What is availabilty?
Availabilty of an application refers to the percentage of the time application provides operations expected from it, and is accessible to all the users.
Measuring Availability
- Availability is measured as percentage of uptime over a given period, usually a month or a year.
- The formulae is typically
Availability = (Total Service Time - Downtime) / (Total Service Time)
- The value is expected to be extremely close to
100%
i.e.99%+
, the higher the better..
9s of Availability
Availability is generally represented as the numbers of 9s in the fractional plus integer part of the availabilty (eg. a service with 99.99%
availability is described as having four 9s).
The availabilty percentage value is usually very high 99%+
, as any value lesser than that will lead to very significant downtime for the applications.
Here's a representation of how much different availability percentages equals to actual downtime per year.
99.9% availability - three 9s
Duration | Acceptable downtime |
---|---|
Downtime per year | 8h 45min 57s |
Downtime per month | 43m 49.7s |
Downtime per week | 10m 4.8s |
Downtime per day | 1m 26.4s |
99.99% availability - four / quad 9s
Duration | Acceptable downtime |
---|---|
Downtime per year | 52min 35.7s |
Downtime per month | 4m 23s |
Downtime per week | 1m 5s |
Downtime per day | 8.6s |
Availability of connected components
When multiple components are connected together the availability of the system starts to depend on the components that it's made of.
In your application's architecture, you have a couple of ways to connect components together.
1. Components connected in Sequence
When components are connected in a sequence, the functioning of a component directly depends on response or data of other components.
e.g.

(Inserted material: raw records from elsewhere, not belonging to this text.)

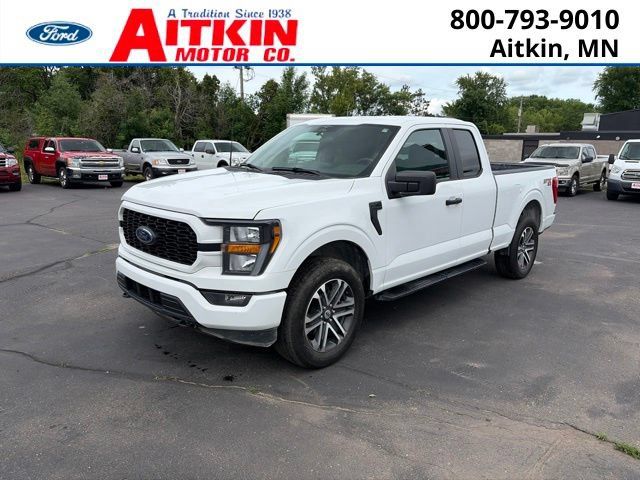 Used 2023 Ford F150 XL w/ STX Appearance Package AWD/4WD image 1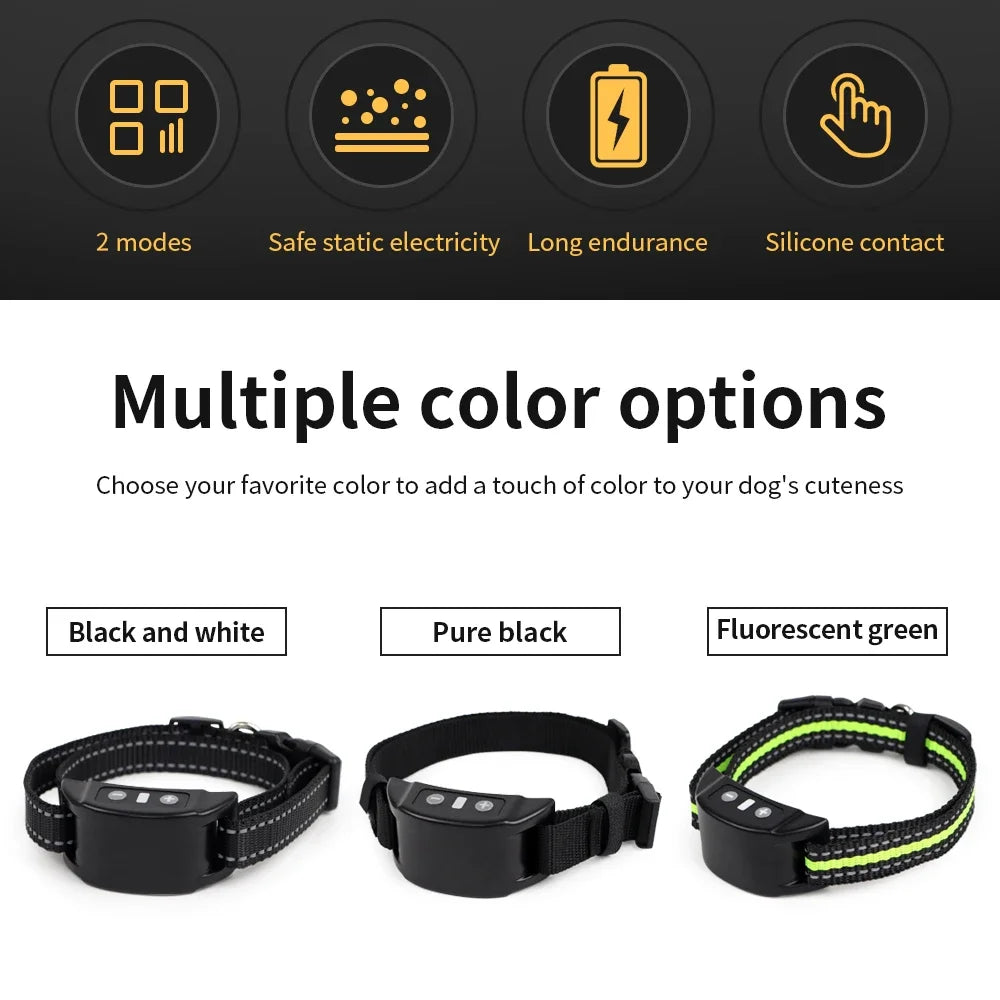 Rechargeable Anti-Bark Dog Training Collar - feature view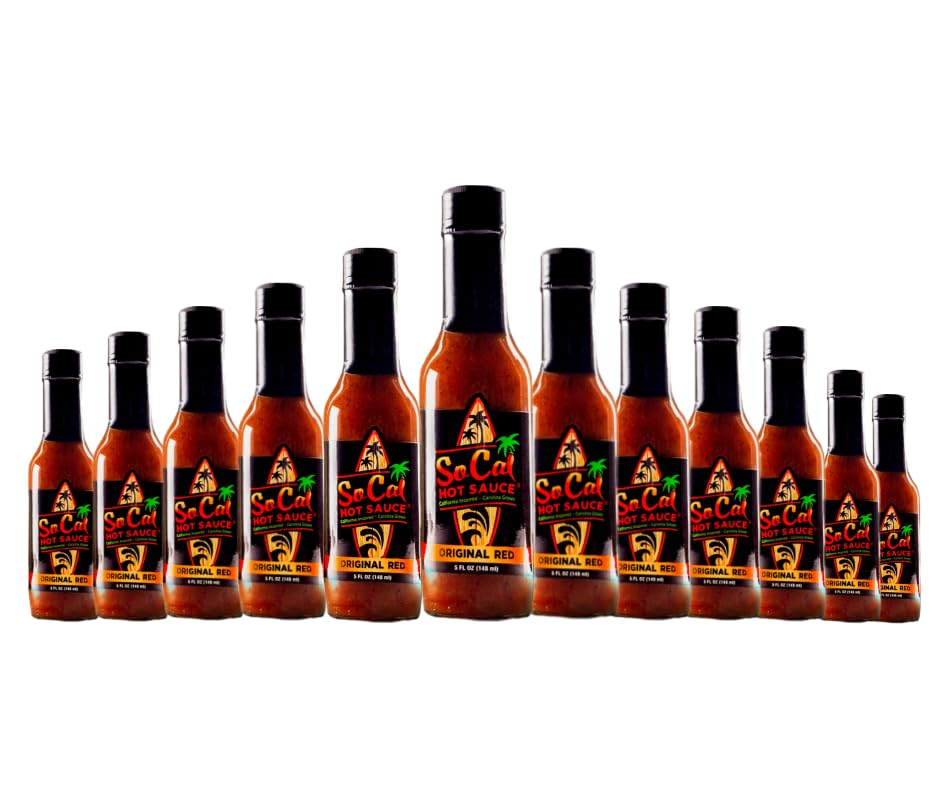 SoCal Hot Sauce® - Original Red - Case of 12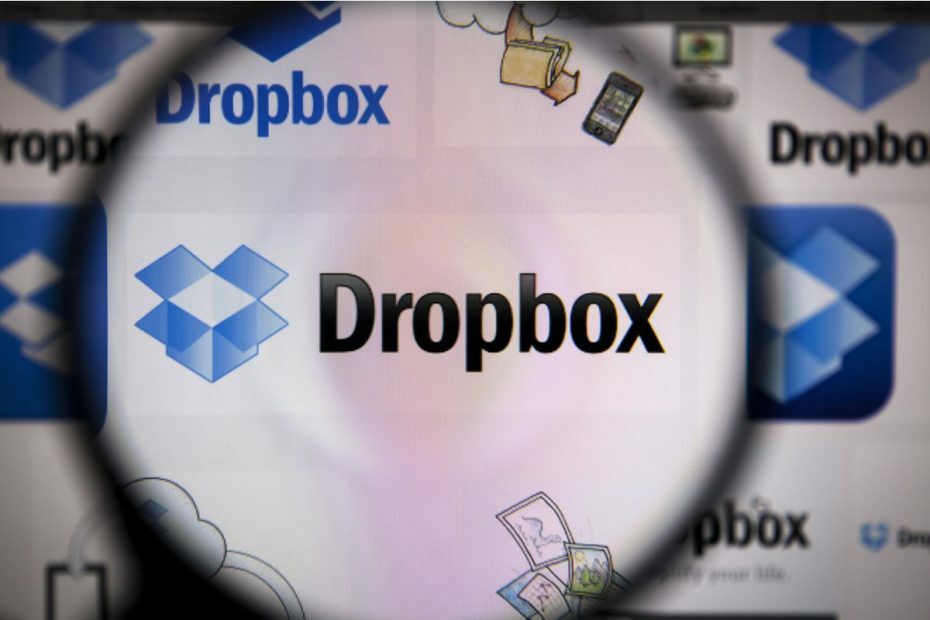 לוגו של Dropbox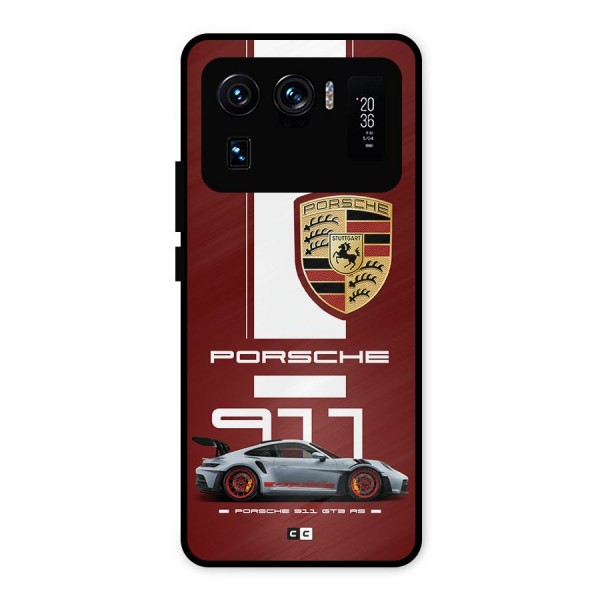 Luxe Supercar Metal Back Case for Mi 11 Ultra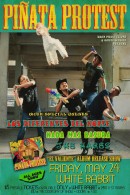 The Official Piñata Protest “El Valiente” Album Release Show! (San Antonio)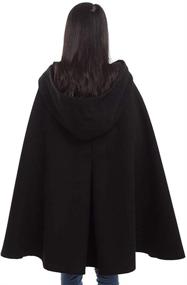 img 1 attached to GRACEART Womens Hoodie Woolen Costume Women's Clothing and Coats, Jackets & Vests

Consider a normal 3 tier application, consisting of only 3 servers (frontend, backend and database) where functioning of the application / frontend depends on the response from the backend server and the response from the backend server depends upon the response from the database.
i.e. in this case, if the database is down it will make the whole application unresponsive.
Overall availability of the system decreases when two components with availability < 100% are in sequence.
Availability (Total) = Availability (Foo) * Availability (Bar)
This multiplication occurs because the probabilities of all components being available must be combined.
e.g. If Foo
crashes for 3 times a day, and Bar
crashes 4 times a day. Your whole system will be unavailable for 3*4 = 12
times a day.
The system becomes unavailable if either of the Foo
or Bar
are down, thus decreasing the availability even more.
If both Foo
and Bar
each had 99.9%
availability, their total availability in sequence would be 99.8%
.
2. Components connected in Parallel
When components are connected in parallel, the application depends on multiple copies of each component, rather than a single component, thus removing the direct dependecy between the components.
e.g. Consider the same 3 tier application as before, but there exists a copy of each server in a different AZs.
i.e. in this case, if the database is down, the application will failover to the database hosted in the other AZ, the application will be unresponsive only if databases are down in both AZs.
Overall availability increases when two components with availability < 100% are in parallel.
Availability (Total) = 1 - (1 - Availability (Foo)) * (1 - Availability (Bar))
Here, the formulae is different because this formula calculates the probability that not all components will fail simultaneously. i.e The system's is only unavailable if either system is down, thus making the availability even more than either foo
or bar
.
If both Foo
and Bar
each had 99.9%
availability, their total availability in parallel would be 99.9999%
.
Conclusion
If you want to make your application more available, you can introduce redundency in your architecture.
Calculating availability beforehand helps you efficitvely communicate availability with your team and helps business commit to realistic SLAs.